___ Supplied records ___
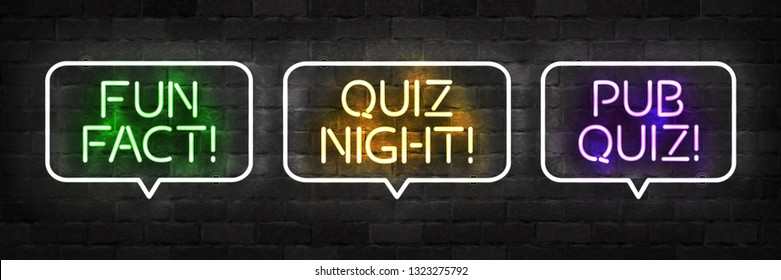 Vector set of realistic isolated neon sign of Fun Fact, Quiz Night and Pub Quiz logo for template decoration and layout covering on the wall background.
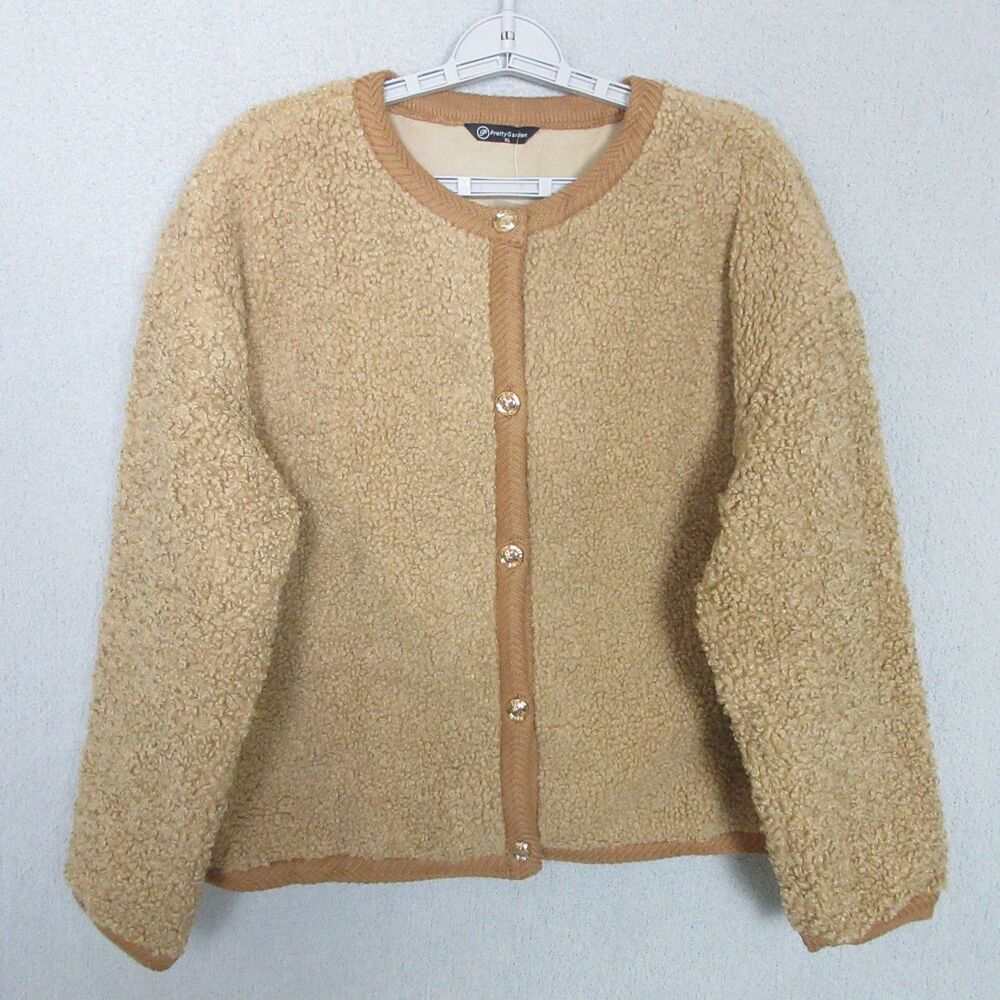 PrettyGarden Cardigan Womens XL Beige Faux Shearling Button Front Jacket Cozy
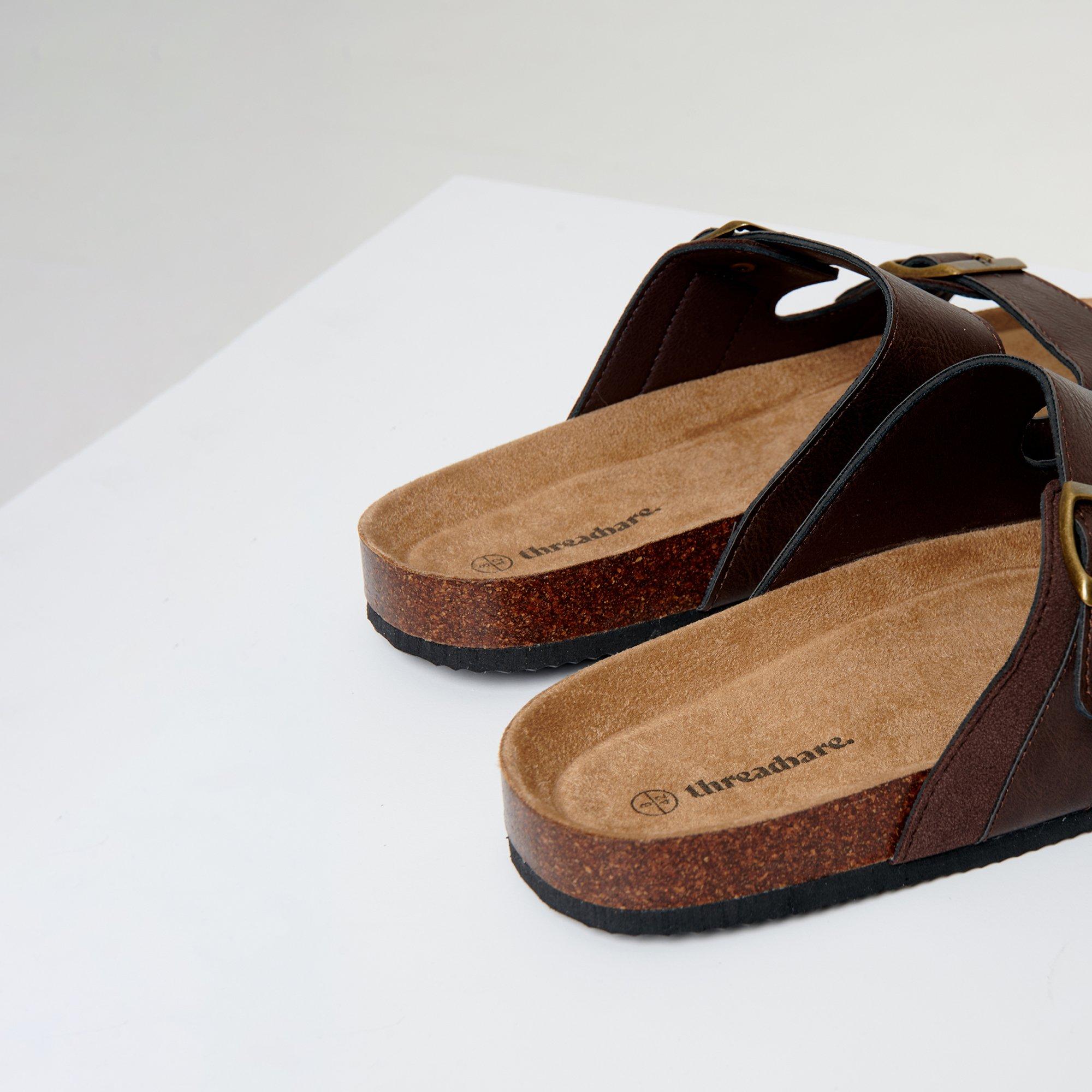 Brown - Threadbare - Men's Slip-On Two Buckle Strap Flat Sandals - 3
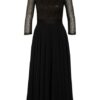 Swing Cocktailkleid mit Paillettenbesatz und 3/4-Arm, Schwarz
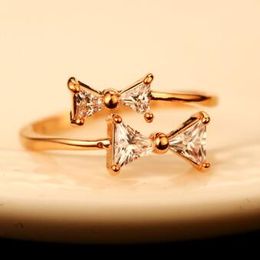 Korean Brand Designer Cubic Zirconia Bowknot Ring Fashion Gold Plated Charms Rings for Women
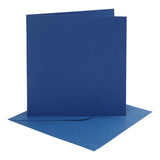 Creativ Company cards and envelopes blue, 4st.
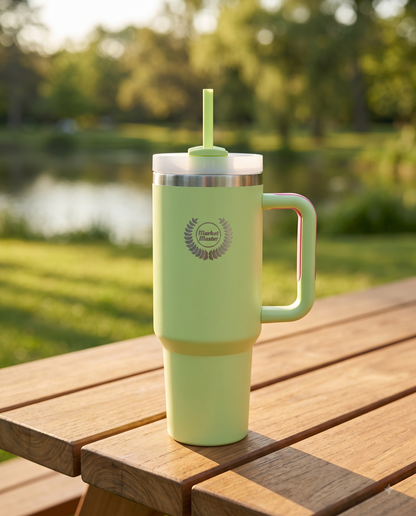 40 oz Premium Stainless Steel Tumbler with Handle & Straw | MARKET MASTER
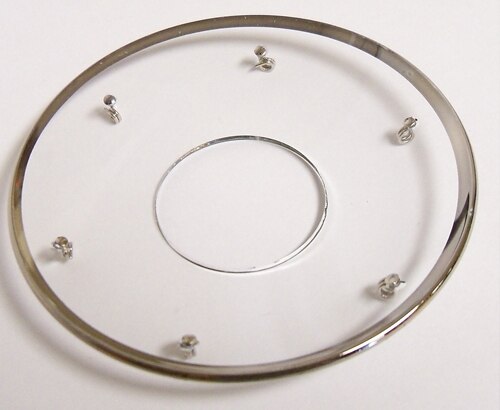 Bobeche - SET OF 2 Silver Border With Six Silver Hooks Glass 2.75 Inch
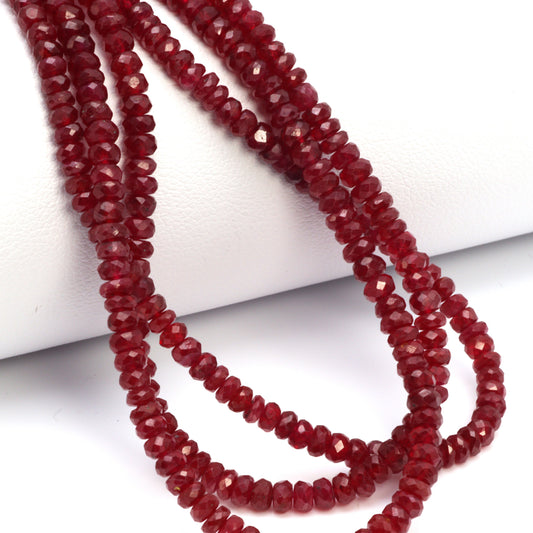 Red Ruby 3mm Faceted Rondelles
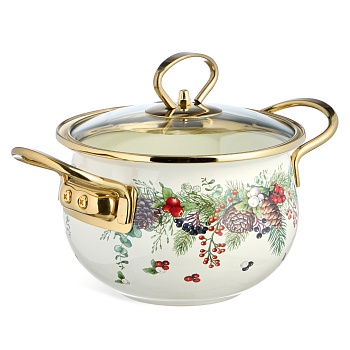 КАСТРЮЛЯ ЭМАЛИРОВАННАЯ AGNESS СО СТЕКЛЯННОЙ КРЫШКОЙ СЕРИЯ "CELEBRATION", 1.5 Л, 16*10 СМ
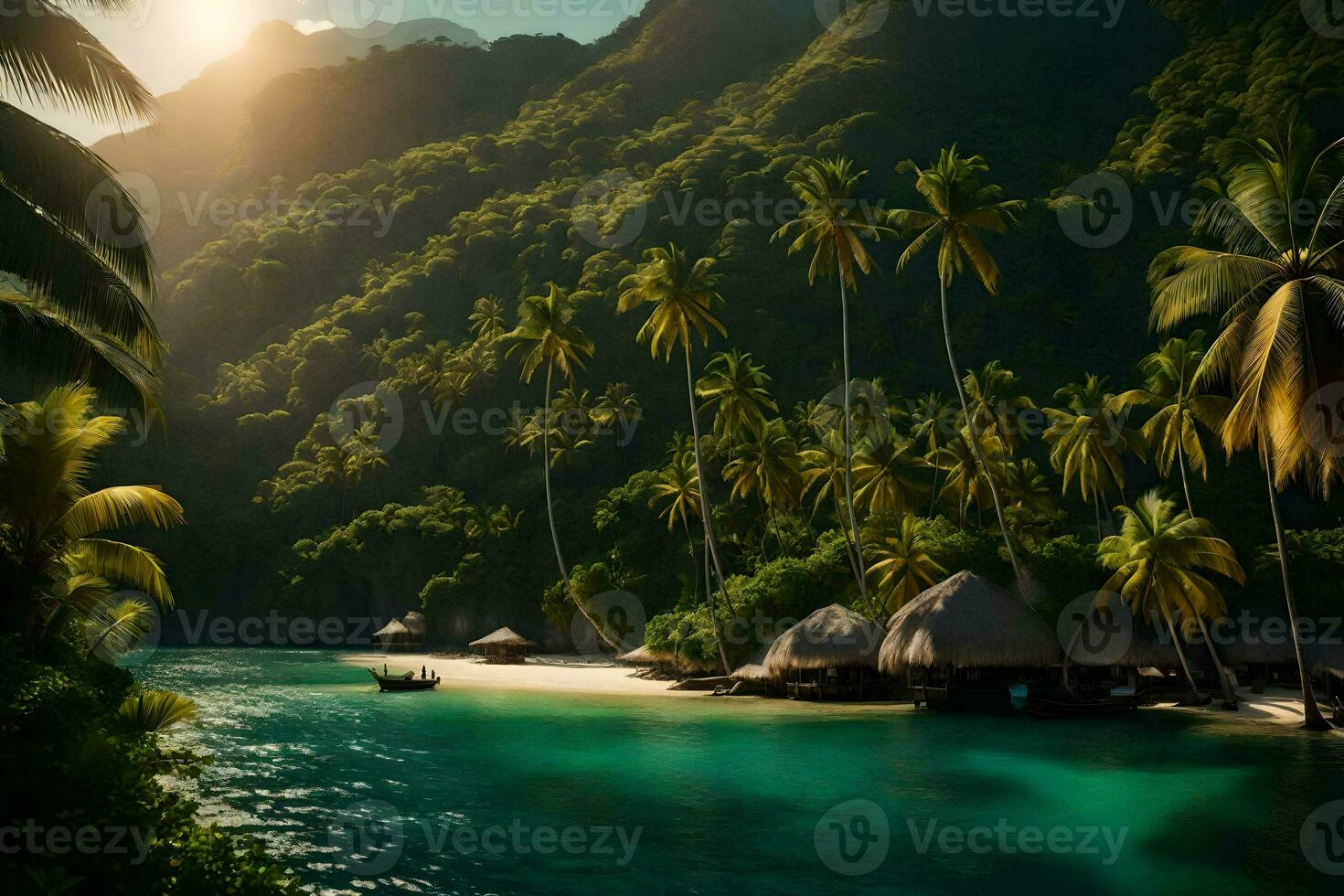 tropical island with palm trees and huts. AI-Generated photo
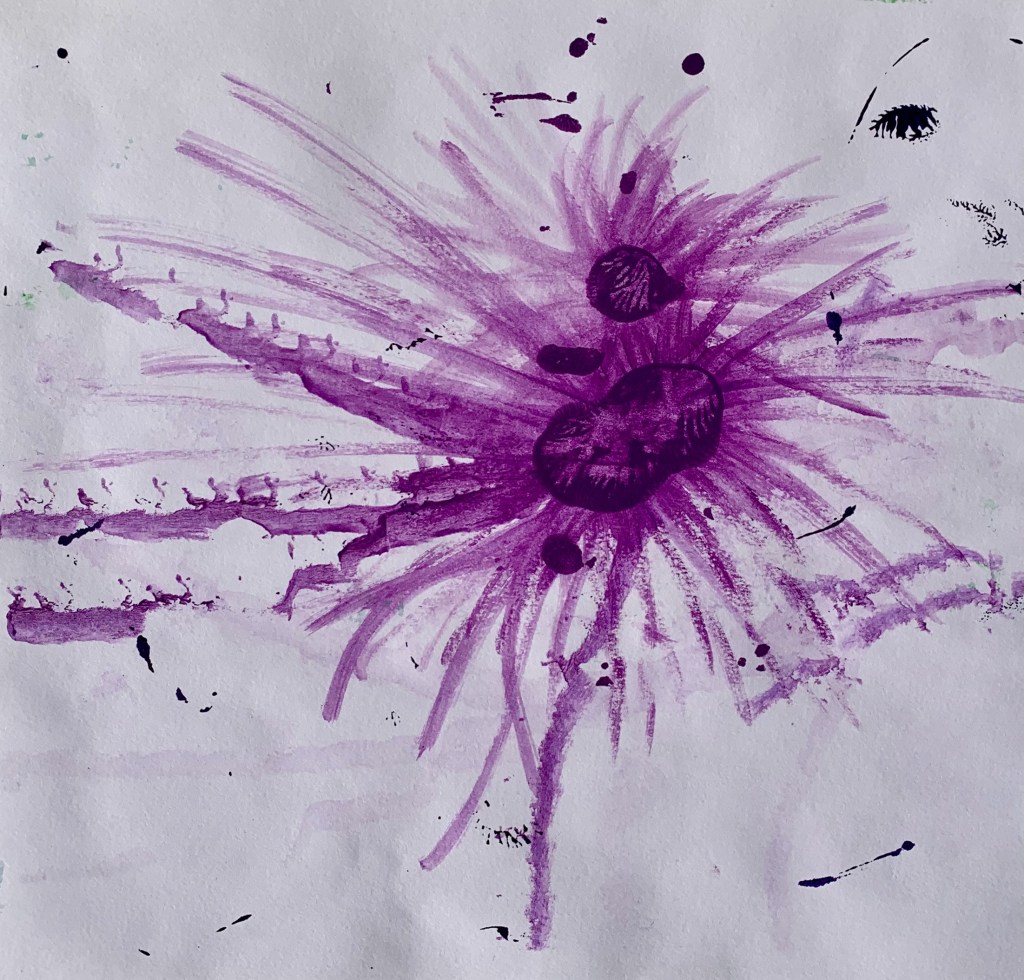 "Sea Urchin" by Shé, 11" x 11" acrylic on paper, 2020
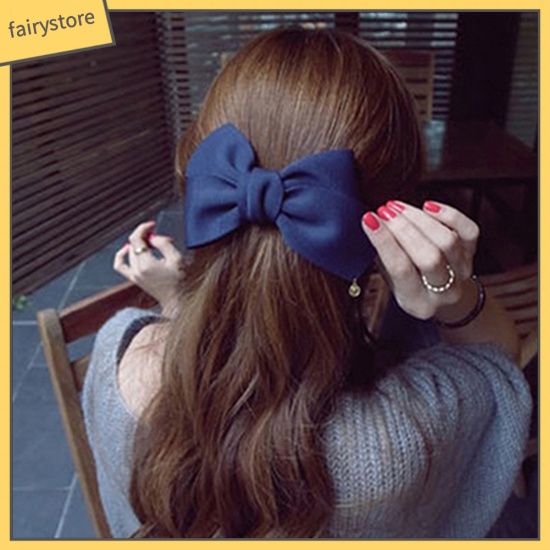 Kẹp Tóc Hình Nơ Vải Trơn Màu Đơn Giản Thanh Lịch Dành Cho Nữ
___
◆ **Exercise description**: Reproduce the data above exactly, but only from the line containing "Creativ Company cards" through the line containing "tropical island with"; skip the pictures.

◆ **Answer**:
 Creativ Company cards and envelopes blue, 4st.
 40 oz Premium Stainless Steel Tumbler with Handle & Straw | MARKET MASTER
 Bobeche - SET OF 2 Silver Border With Six Silver Hooks Glass 2.75 Inch
 Red Ruby 3mm Faceted Rondelles
 КАСТРЮЛЯ ЭМАЛИРОВАННАЯ AGNESS СО СТЕКЛЯННОЙ КРЫШКОЙ СЕРИЯ "CELEBRATION", 1.5 Л, 16*10 СМ
 tropical island with palm trees and huts. AI-Generated photo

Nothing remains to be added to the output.